7. The Experiential Argument
The Experiential Argument is an argument of confirmation – it argues that a Theist is right in believing in God based only upon their experience of him. There is a theory called Foundationalism which says that beliefs are justified using other beliefs and those beliefs are justified with still other beliefs and so on. But at some point, in the process of justifying ever more basic beliefs, you must eventually arrive at certain beliefs that are intuitively known, and cannot be further justified. These are called properly basic beliefs. We believe them because although we can’t justify them with evidence, we form them in the context of the experience of everyday life. An example of a properly basic belief is the belief that the physical world around us is real and it is not just our brains being manipulated to think the world exists. We can’t prove this but given our ongoing experience of the world, we believe it.

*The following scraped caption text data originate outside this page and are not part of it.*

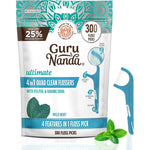 GuruNanda Quad Clean Floss Picks front view of the packaging bag showing the three hundred count size.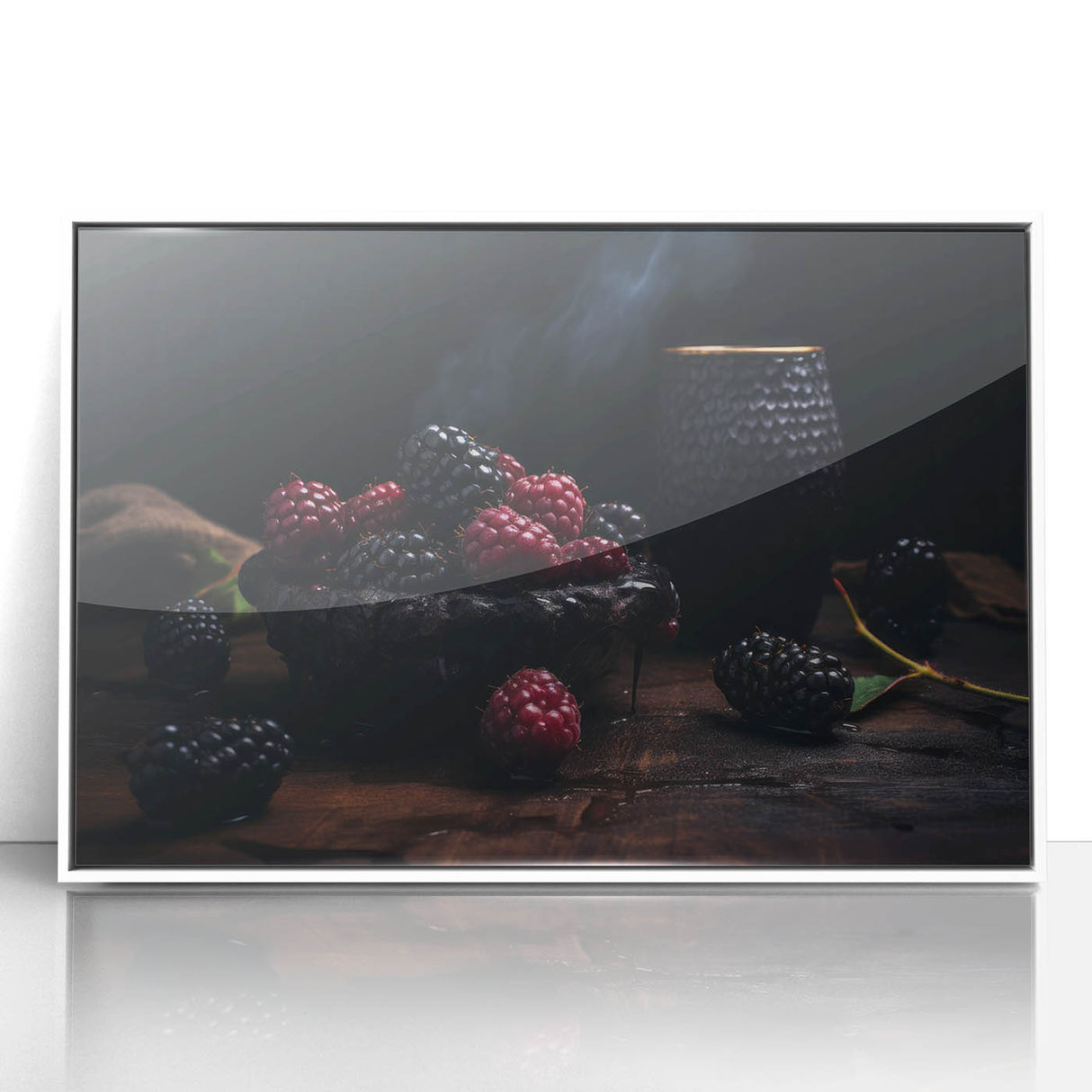 Art Deco poster featuring an array of fruits in vibrant colors on a white acrylic framed print.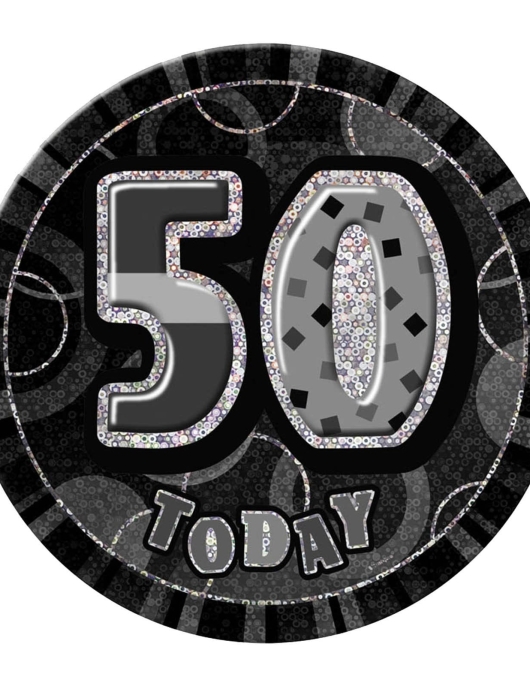 Badge Large Black Glitz Number 50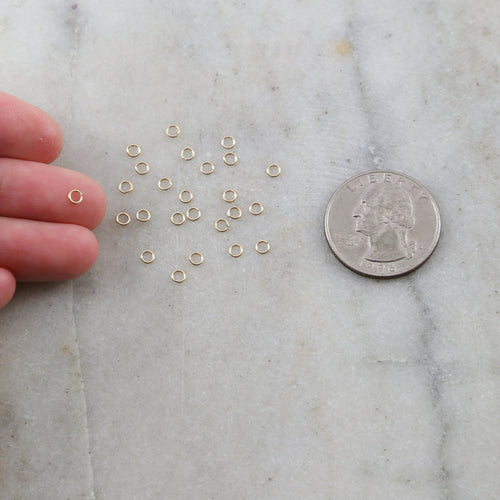 14K Gold Filled 3mm 24 Gauge Open Jump Rings Charm Links Gold Findings (25pc)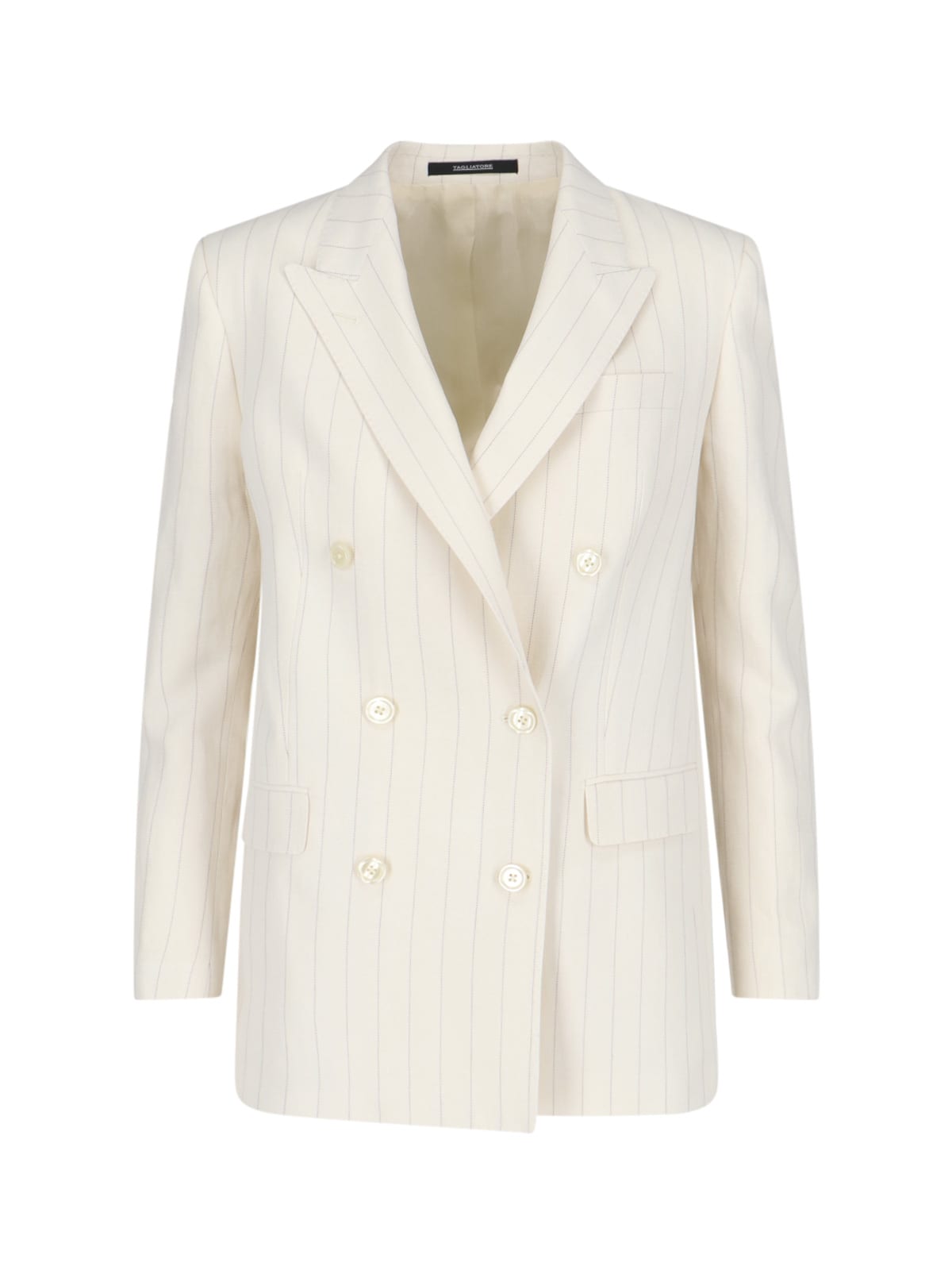 Shop Tagliatore Double-breasted Suit In White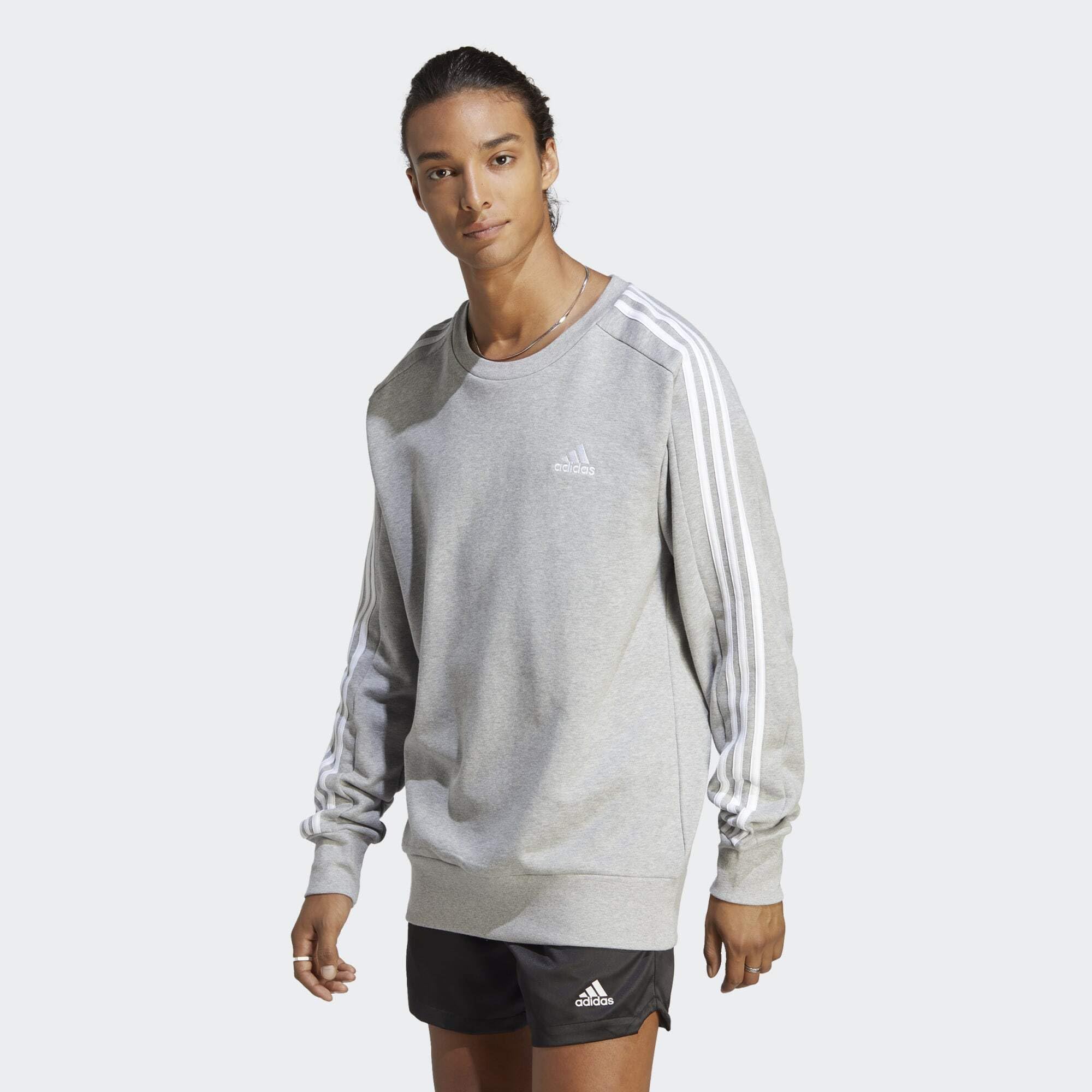 adidas Essentials French Terry 3-Stripes Sweatshirt Sweatshirt Hombre (Pack de 1)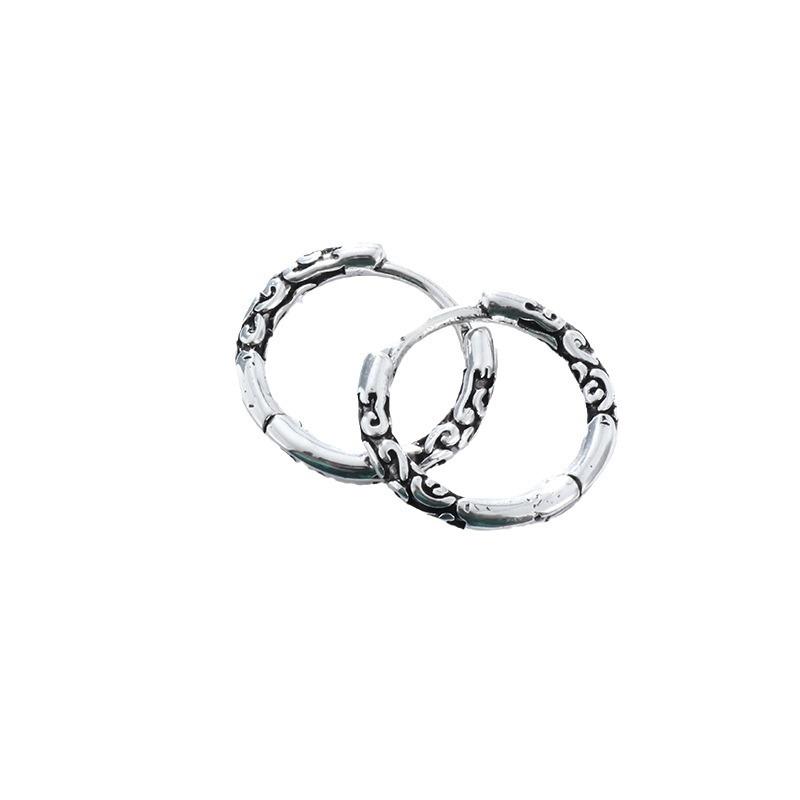 Classic Punk Retro Pattern Carved Gothic Earrings for Men In Circular Shapes
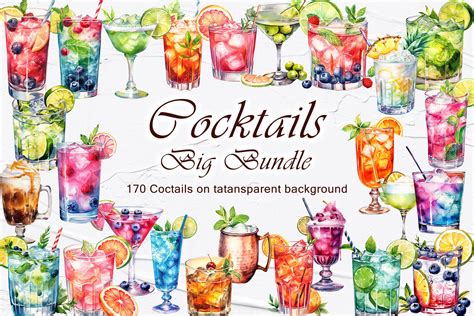 Cocktail Clipart Cocktails Watercolor Bundle Alcohol Drinks Clipart By Barvart Thehungryjpeg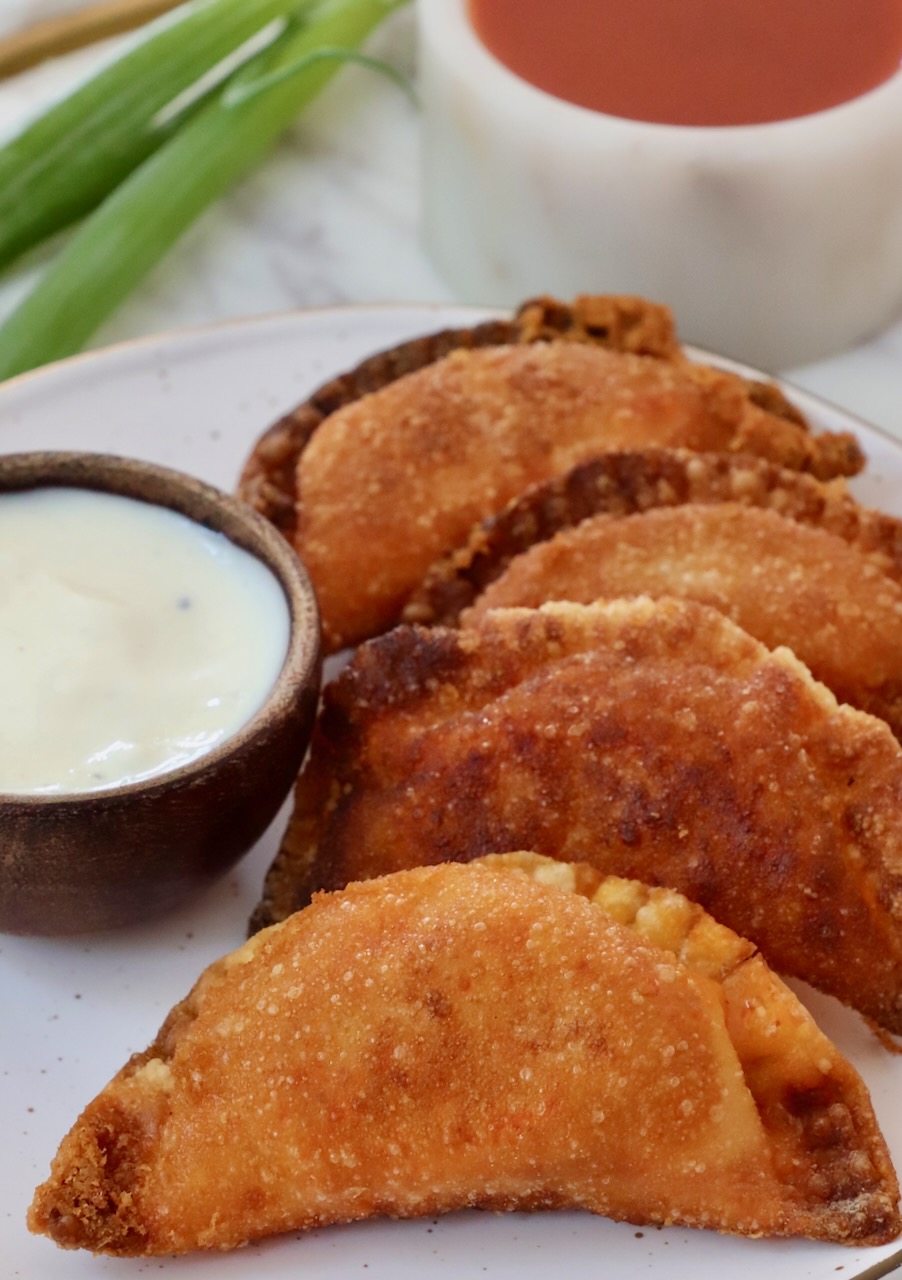 fried buffalo chicken bites on a plate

The philosopher, Alvin Plantinga, claims that a belief in God should be considered a properly basic belief like this. Plantinga believes that humans have an innate, natural capacity to apprehend God’s existence just like we have a natural capacity to see. When you see a tree, he says, you do not infer it from your experience of seeing it. You just see it. Similarly, when we experience God, we do not infer His existence, we experience his existence such as when we feel compelled morally, or experience guilt, or gratitude, or when we recognize God’s handiwork in nature. It is during these times that we naturally apprehend God’s existence and this is a legitimate belief.
The reason that some do not share in this experience is because, according to Plantinga, our fall into sin has had “disastrous cognitive and affective consequences.” Plantinga claims God has so constituted us that we naturally form this belief under certain circumstances but this sense has been damaged and deformed and our affections have been skewed so that we are self-centered rather than God-centered.
According to Plantinga, this belief that God exists is defeasible, and so in encountering argument against it, we must be able to answer that objection or give up the belief. But, he says it is also possible that in some cases, the original belief itself may so exceed its alleged defeater that it becomes an intrinsic defeater of its ostensible defeater.
Since nobody can ever truly know what you experience, this experiential argument for God is a strong reason for ourselves to believe, even if it cannot be fully shared with a nonbeliever. In fact, Plantinga argues that for some, it is the most convincing evidence of all that God exists because a rational belief based on evidence can be wrong, but something that you know cannot be wrong.
In his book, Where the Conflict Really Lies, Plantinga makes the following analogy: imagine you’ve been accused of a crime. There is strong evidence showing you are guilty, but you know you did not commit the crime. In the face of overwhelming and convincing evidence that you are guilty, you are not rationally obliged to abandon your belief in your own innocence and accept instead that you are guilty. You can know you are innocent and this is stronger than any evidence (even if you cannot communicate this internal knowledge to others).
And so there are certain truths that we experience rather than deduct based on evidence and these are valid. For a Christian, this experience itself is reason enough to believe in God even without argument or debate, just like the other beliefs you rationally accept without argument or debate.